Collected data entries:
········

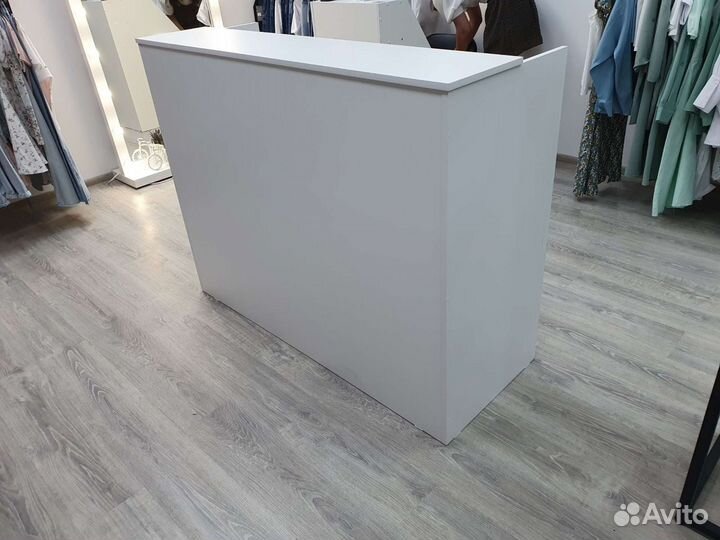 Ресепшн, стойка администратора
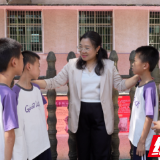 宜章县：爱心企业家与“四胞胎”兄弟快乐过“六一”
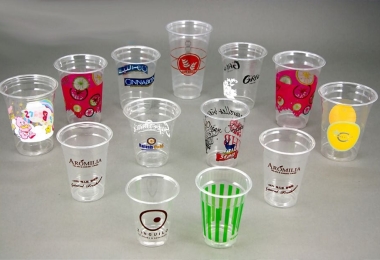 Dịch vụ thiết kế in chữ lên ly nhựa miễn phí bền đẹp 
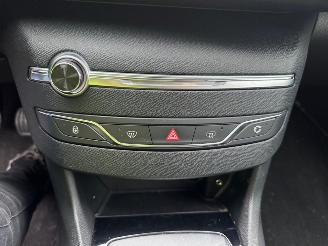 Peugeot 308  picture 3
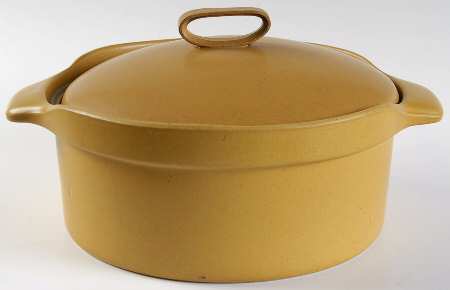 Tawny 2 Qt Round Covered Casserole by Bennington Potters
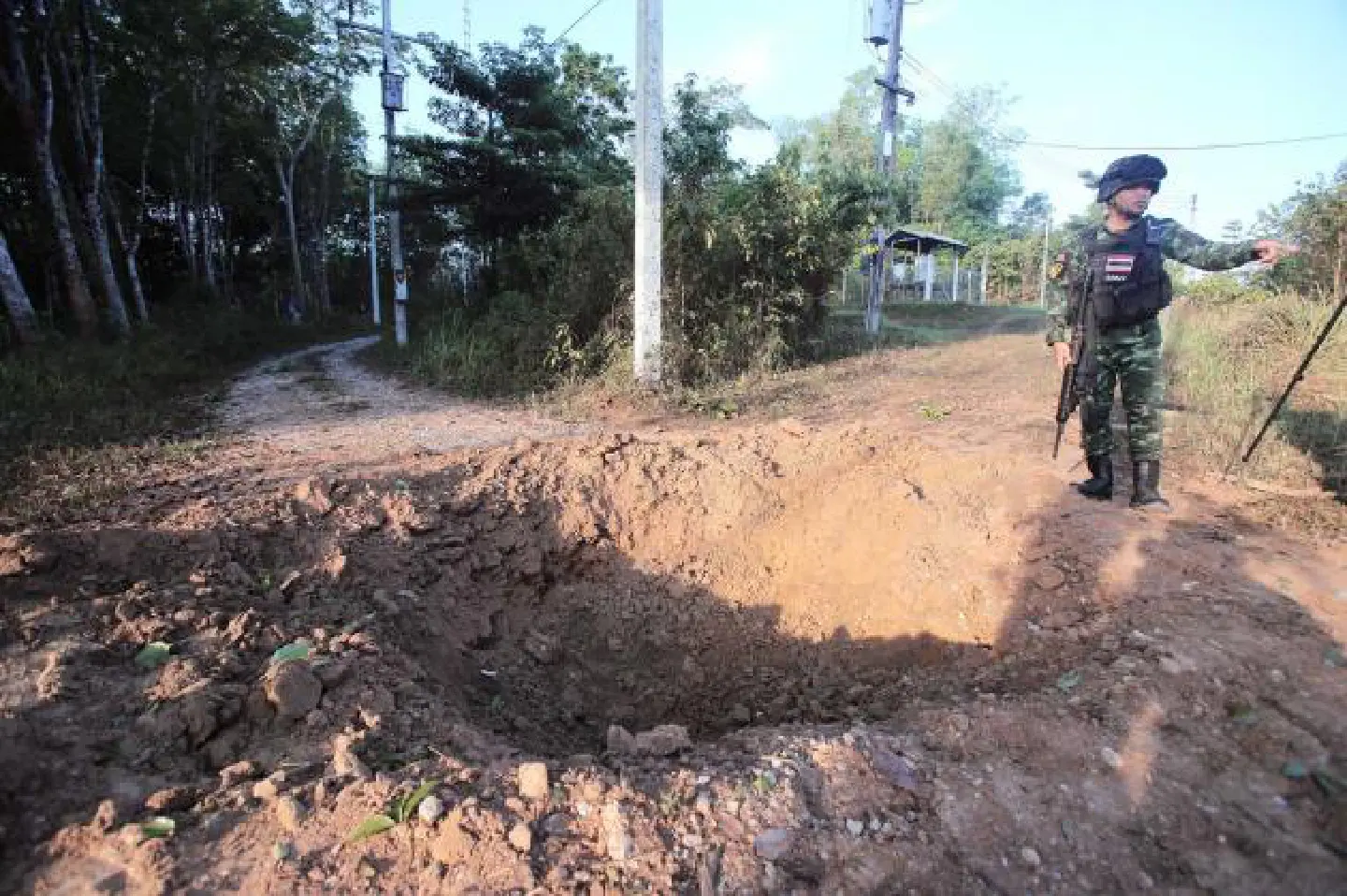 1 of 2 men killed linked to insurgent 1 of 2 men killed linked to insurgent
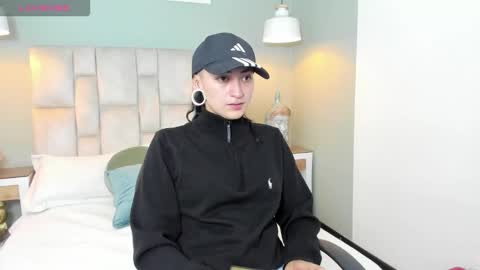 Snapshot of demetra_noxx chatting on 01-11-26, 03:22 Demetra online show from 01-11-26, 03:22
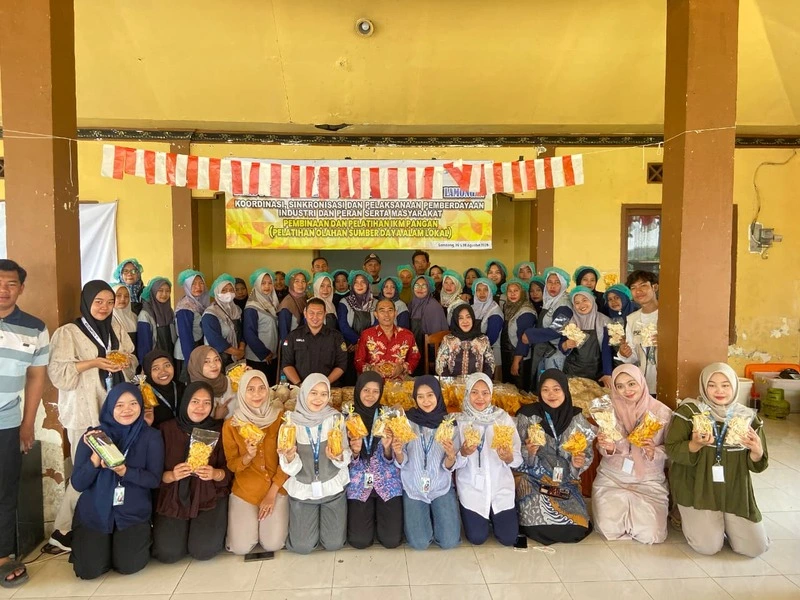 KKN Umla Bersama Disperindag dan Koko Nono Lanjutkan Inovasi Produk Olahan Lokal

········

What to produce:
Omit the pictures. Write out exactly the lines from the one containing "Snapshot of demetra_noxx" through the last line of the entries, both of them included.

Answer area:
 Snapshot of demetra_noxx chatting on 01-11-26, 03:22 Demetra online show from 01-11-26, 03:22
 KKN Umla Bersama Disperindag dan Koko Nono Lanjutkan Inovasi Produk Olahan Lokal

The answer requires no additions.